How do you solve a puzzle like Maria Neckam, whose fecund creativity emerges from a genre-blurring sensibility that spans jazz, pop, rock, opera, musical theater and sacred hymns? Perhaps the answer lay not in the world of music but of art, specifically Wassily Kandinsky. The abstract pioneer’s passion for geometric and biomorphic expression, belief that colors and sounds originate in the soul, and intense spiritualism all seem inherent to Neckam’s knotty, vibrant tone poems.
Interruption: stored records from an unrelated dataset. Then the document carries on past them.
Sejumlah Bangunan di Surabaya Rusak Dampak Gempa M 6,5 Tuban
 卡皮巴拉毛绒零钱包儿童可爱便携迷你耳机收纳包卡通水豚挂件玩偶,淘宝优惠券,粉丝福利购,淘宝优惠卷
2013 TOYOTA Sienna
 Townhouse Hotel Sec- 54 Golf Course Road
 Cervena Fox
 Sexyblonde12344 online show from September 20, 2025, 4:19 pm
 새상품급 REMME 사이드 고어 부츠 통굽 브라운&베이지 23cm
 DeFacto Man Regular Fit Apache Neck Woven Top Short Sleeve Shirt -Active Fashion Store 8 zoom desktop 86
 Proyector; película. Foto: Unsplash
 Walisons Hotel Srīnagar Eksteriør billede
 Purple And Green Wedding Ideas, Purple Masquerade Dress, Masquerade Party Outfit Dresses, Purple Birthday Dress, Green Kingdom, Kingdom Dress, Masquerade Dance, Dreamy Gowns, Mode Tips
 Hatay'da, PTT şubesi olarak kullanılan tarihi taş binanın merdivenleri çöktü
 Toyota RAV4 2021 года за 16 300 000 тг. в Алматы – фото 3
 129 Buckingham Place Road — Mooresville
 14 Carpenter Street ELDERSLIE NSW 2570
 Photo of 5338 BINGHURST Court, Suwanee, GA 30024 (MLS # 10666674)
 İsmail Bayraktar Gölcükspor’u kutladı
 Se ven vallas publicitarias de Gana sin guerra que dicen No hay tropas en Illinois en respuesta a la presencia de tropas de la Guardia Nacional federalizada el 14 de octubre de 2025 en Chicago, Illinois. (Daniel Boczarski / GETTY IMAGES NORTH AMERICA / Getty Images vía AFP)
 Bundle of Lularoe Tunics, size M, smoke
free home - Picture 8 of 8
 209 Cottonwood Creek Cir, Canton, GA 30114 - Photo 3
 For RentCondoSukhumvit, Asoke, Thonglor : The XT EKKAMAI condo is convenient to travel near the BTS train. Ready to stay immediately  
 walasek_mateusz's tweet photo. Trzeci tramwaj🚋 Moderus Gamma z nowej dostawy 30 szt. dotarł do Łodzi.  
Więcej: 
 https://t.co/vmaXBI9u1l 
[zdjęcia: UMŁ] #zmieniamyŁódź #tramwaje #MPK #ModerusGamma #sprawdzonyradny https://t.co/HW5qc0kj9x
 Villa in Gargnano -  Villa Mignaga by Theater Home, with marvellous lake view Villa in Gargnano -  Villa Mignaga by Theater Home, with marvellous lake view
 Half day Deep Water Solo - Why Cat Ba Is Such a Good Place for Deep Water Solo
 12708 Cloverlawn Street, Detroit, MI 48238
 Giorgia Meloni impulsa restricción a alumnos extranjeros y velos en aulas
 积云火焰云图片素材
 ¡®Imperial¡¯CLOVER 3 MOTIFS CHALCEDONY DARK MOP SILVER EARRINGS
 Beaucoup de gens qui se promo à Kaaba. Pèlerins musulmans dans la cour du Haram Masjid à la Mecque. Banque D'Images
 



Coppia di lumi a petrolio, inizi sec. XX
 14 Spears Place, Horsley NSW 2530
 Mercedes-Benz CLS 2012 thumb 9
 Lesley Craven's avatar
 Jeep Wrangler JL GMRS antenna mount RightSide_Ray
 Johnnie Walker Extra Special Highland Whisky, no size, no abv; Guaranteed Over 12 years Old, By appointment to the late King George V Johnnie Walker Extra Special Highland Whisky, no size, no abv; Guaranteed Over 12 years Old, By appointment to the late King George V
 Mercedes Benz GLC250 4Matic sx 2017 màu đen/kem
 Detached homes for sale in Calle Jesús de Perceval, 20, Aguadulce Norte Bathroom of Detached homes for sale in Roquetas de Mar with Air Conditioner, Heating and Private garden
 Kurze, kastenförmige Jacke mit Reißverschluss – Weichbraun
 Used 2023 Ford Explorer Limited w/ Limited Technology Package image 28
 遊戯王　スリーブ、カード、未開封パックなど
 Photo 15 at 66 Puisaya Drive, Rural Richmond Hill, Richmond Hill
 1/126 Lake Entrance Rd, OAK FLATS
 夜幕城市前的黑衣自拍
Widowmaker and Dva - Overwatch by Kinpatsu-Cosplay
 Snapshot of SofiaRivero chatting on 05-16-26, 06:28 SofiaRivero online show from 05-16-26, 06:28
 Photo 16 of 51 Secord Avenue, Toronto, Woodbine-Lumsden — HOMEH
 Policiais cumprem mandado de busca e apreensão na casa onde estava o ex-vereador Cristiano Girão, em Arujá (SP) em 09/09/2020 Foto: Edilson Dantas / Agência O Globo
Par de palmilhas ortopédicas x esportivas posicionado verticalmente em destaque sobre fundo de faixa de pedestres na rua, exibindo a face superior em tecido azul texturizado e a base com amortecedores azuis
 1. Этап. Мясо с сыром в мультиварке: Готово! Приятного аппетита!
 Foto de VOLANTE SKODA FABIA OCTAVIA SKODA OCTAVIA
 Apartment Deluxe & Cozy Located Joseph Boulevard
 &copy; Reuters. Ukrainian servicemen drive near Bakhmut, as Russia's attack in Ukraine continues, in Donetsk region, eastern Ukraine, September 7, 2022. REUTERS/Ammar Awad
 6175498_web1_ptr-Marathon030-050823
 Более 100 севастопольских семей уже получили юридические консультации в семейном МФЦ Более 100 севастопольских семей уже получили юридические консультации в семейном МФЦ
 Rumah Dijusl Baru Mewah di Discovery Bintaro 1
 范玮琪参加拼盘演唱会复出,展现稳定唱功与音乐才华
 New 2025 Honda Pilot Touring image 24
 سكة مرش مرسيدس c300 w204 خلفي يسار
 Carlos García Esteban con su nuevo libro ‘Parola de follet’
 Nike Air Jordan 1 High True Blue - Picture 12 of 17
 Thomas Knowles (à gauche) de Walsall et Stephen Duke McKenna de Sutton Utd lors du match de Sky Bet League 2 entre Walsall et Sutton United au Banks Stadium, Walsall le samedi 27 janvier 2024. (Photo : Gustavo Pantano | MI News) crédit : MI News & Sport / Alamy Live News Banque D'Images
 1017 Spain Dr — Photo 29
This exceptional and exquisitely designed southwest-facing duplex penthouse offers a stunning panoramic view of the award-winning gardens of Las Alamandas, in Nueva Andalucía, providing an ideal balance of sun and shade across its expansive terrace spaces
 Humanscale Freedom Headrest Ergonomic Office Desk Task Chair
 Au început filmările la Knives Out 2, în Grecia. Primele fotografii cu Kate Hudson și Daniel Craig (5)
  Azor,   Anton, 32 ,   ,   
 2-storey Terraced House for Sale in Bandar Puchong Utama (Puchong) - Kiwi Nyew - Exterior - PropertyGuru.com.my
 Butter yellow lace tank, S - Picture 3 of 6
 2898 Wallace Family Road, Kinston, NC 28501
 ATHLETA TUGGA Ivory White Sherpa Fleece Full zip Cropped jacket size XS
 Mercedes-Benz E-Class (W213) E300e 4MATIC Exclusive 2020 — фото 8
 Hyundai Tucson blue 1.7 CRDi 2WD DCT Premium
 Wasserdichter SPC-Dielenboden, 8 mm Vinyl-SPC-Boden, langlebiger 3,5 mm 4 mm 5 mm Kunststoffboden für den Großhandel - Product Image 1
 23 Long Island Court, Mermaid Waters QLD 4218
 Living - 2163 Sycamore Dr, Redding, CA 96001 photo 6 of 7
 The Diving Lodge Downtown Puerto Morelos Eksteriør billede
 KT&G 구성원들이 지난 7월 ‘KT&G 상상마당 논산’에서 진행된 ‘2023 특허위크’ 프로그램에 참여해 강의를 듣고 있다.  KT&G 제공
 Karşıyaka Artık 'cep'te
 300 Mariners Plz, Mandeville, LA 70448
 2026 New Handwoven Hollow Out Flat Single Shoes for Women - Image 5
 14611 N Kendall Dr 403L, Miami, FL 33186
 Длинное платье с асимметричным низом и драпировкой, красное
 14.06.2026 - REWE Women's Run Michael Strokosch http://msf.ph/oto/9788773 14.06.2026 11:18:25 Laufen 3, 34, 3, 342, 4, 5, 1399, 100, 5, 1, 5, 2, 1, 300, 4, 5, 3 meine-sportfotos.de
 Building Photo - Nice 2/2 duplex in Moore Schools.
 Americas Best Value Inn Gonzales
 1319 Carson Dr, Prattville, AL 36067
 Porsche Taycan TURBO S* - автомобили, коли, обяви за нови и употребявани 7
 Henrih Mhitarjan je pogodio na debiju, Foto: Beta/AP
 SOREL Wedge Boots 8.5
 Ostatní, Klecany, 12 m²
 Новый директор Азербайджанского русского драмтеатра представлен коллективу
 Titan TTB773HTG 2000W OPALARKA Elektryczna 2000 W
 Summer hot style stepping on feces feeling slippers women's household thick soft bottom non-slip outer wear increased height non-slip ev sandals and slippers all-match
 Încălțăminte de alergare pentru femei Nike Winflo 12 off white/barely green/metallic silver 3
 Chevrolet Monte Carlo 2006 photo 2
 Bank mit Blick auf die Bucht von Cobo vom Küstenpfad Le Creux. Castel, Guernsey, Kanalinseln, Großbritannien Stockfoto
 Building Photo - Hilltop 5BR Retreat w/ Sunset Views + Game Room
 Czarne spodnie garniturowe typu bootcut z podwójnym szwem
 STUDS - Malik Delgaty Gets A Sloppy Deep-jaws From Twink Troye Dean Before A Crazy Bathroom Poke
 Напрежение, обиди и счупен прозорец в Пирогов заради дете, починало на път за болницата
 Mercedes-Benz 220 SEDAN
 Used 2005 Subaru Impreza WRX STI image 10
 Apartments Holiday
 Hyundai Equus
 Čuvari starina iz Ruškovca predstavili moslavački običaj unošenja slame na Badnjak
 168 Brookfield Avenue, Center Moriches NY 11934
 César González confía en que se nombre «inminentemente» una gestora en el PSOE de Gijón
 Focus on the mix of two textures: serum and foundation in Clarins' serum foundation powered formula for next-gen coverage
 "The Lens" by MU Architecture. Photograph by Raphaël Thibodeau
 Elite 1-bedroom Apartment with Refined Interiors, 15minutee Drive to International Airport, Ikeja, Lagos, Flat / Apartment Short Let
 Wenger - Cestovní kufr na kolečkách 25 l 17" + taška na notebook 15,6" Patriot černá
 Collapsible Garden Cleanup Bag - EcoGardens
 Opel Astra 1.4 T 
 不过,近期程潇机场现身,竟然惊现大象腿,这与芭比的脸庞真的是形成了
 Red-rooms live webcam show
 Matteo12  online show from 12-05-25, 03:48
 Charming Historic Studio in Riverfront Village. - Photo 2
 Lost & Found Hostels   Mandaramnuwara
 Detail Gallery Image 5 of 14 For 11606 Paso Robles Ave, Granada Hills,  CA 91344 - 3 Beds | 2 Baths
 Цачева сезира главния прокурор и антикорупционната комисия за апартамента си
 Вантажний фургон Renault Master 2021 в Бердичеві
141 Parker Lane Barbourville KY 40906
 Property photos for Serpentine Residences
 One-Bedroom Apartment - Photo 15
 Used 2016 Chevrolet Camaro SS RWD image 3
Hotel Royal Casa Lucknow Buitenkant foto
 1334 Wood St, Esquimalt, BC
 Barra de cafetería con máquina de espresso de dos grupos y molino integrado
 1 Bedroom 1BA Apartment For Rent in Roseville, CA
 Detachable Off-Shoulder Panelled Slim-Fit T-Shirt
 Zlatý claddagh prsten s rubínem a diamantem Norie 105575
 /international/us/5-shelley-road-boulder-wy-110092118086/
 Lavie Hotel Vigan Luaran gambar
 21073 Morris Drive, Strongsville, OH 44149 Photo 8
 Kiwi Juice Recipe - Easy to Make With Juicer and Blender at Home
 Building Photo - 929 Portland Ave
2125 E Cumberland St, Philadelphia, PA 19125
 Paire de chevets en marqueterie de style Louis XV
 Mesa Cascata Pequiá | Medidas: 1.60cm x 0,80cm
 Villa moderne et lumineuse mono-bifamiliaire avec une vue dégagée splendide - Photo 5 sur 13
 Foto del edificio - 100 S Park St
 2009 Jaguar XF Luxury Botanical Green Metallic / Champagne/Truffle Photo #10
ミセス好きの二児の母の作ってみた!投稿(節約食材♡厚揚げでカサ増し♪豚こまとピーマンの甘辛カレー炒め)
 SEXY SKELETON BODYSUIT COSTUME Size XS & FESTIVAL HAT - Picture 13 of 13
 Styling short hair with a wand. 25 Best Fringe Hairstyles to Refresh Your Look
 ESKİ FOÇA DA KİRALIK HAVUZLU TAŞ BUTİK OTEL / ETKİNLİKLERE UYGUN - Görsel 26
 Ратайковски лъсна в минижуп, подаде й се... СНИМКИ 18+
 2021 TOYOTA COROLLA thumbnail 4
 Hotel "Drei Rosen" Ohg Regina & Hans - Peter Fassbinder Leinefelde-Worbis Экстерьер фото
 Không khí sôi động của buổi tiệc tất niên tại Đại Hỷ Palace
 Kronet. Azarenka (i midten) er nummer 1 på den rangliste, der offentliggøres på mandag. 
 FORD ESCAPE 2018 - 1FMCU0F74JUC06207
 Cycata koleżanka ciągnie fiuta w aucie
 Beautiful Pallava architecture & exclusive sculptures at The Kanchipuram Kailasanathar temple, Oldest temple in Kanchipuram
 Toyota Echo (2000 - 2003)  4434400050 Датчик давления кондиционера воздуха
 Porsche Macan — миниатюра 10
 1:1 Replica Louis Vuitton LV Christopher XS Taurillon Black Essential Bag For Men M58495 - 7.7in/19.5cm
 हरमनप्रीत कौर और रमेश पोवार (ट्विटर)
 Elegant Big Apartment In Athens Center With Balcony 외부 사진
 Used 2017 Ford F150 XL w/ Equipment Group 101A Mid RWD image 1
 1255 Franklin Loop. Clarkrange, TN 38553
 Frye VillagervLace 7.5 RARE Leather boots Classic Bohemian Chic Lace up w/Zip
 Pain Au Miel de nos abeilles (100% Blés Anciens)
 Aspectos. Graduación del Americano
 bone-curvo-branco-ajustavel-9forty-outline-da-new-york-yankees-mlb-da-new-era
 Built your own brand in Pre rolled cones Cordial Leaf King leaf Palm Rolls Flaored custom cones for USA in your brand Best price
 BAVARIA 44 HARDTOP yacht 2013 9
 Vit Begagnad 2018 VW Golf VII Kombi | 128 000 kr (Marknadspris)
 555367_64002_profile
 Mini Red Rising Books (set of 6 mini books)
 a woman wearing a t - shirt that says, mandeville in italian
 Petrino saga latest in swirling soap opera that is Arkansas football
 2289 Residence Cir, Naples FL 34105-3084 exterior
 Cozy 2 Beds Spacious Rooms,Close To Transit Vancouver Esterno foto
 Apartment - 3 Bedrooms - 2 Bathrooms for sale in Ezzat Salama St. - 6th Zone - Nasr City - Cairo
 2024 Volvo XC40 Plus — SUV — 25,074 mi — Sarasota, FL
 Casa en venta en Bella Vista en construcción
Fortunately, she has found eager and superbly gifted copilots in pianist Aaron Parks, bassist Thomas Morgan and drummer Colin Stranahan, her constant musical companions since 2010, plus a newer recruit, guitarist Nir Felder. Led by Neckam’s crystalline soprano, they travel to some remarkable places, many not of this earth, several influenced by her conversion to Buddhism. She wrote the music for all 15 tracks and the lyrics for 12. (The remaining three she crafted from poems by Rainer Maria Rilke, Pablo Neruda and 14th-century Persian mystic Hafez.)
Every Neckam voyage is a wild one. Highlights include the escalating roil of “One Day,” less a plea than a promise of pending peace, and the kaleidoscopic cacophony of “The Story,” featuring the quintet augmented by saxophonists Will Vinson, Lars Dietrich and Samir Zarif and cellist Mariel Roberts.